The amended version of AB 1513 was a product of confidential discussions with groups including the California Labor and Workforce Development Agency, labor unions, and employer groups. On September 30, 2015, the Sacramento Bee reported that the author of AB 1513, Assembly Member Das Williams, stated that the exceptions to the affirmative defense provisions were necessary to maintain the support of labor and that “there has to be a cutoff at some point, and no matter what the cutoff point is, somebody's going to be left out.” (Id. at ¶ 27.)

The provisions of AB 1513 were codified at California Labor Code § 226.2 and became effective on January 1, 2016 and remained in effect only until January 1, 2021 when that section was automatically repealed. Specifically, the version of § 226.2 in effect between January 1, 2016 and December 31, 2020 was automatically repealed under § 226.2(k), which provided: “This section shall remain in effect only until January 1, 2021, and as of that date is repealed.” Cal. Lab. Code § 226.2(k), repealed January 1, 2021.[3]

3. California Labor Code § 226.2 (Old Version)

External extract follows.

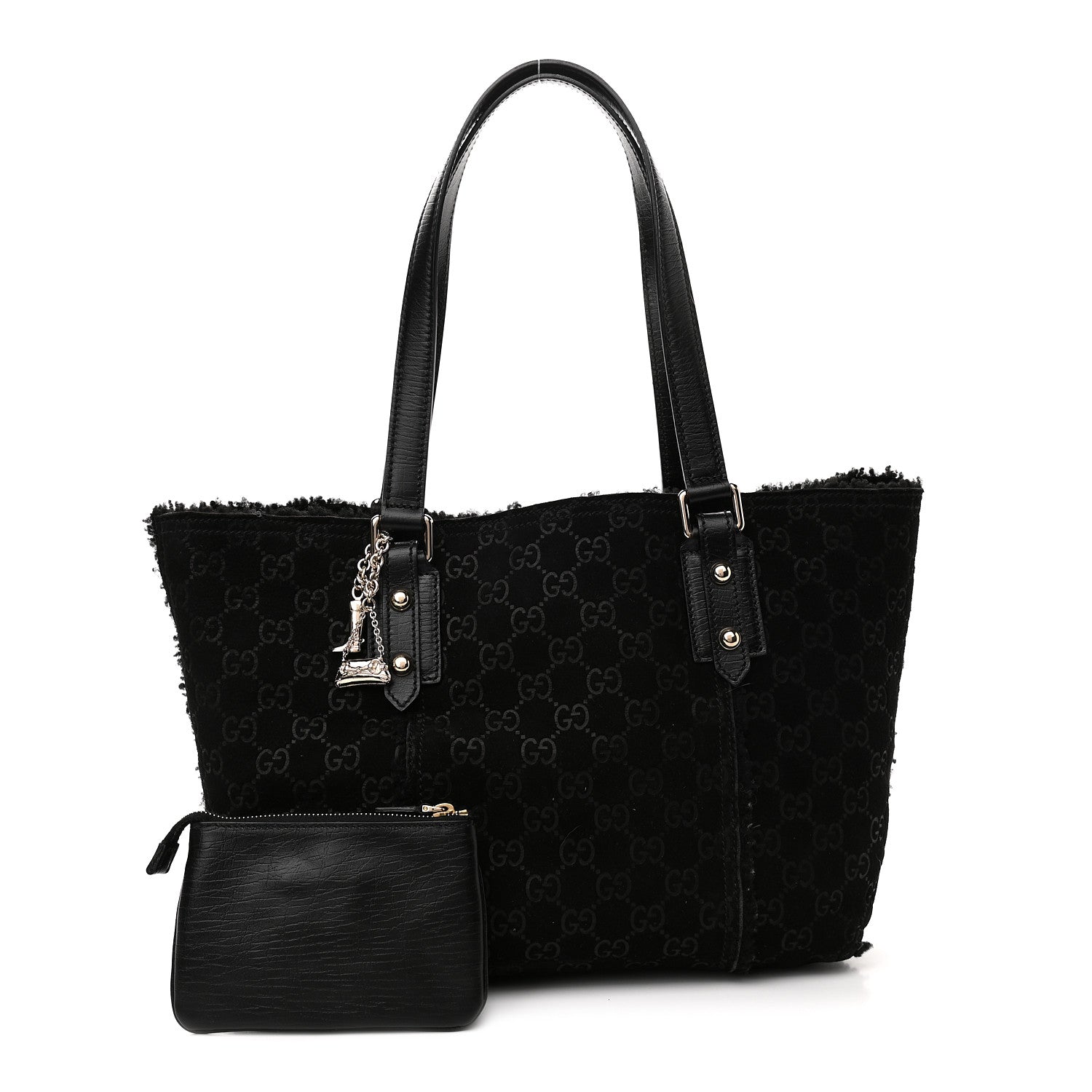 Gucci Monogram Suede Shearling Medium Jolicoeur Tote Black 1 of 10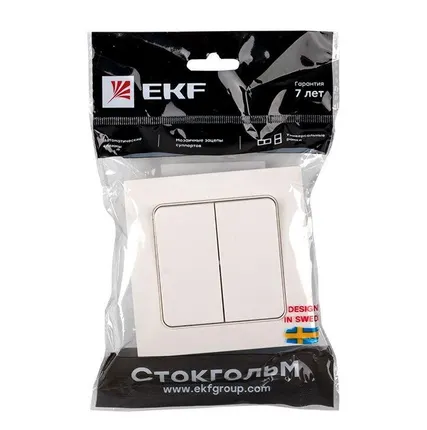 Фото №3 Выключатель 2-кл. Стокгольм 10А бел. PROxima EKF EXV10-023-10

Section 226.2 includes two primary provisions. First, subdivision (a) provides that employees compensated on a piece-rate basis must be compensated for rest and recovery periods and other nonproductive time separate from any piece-rate compensation. In addition, it establishes certain wage statement requirements as well as a methodology for calculating wages for these employees.

Subdivision (b) of § 226.2 provides that employers may assert an affirmative defense to any claim for recovery of wages damages, and penalties “based solely on the employer's failure to timely pay the employee the compensation due for rest and recovery periods and other nonproductive time,” so long as the employer complies with certain requirements by December...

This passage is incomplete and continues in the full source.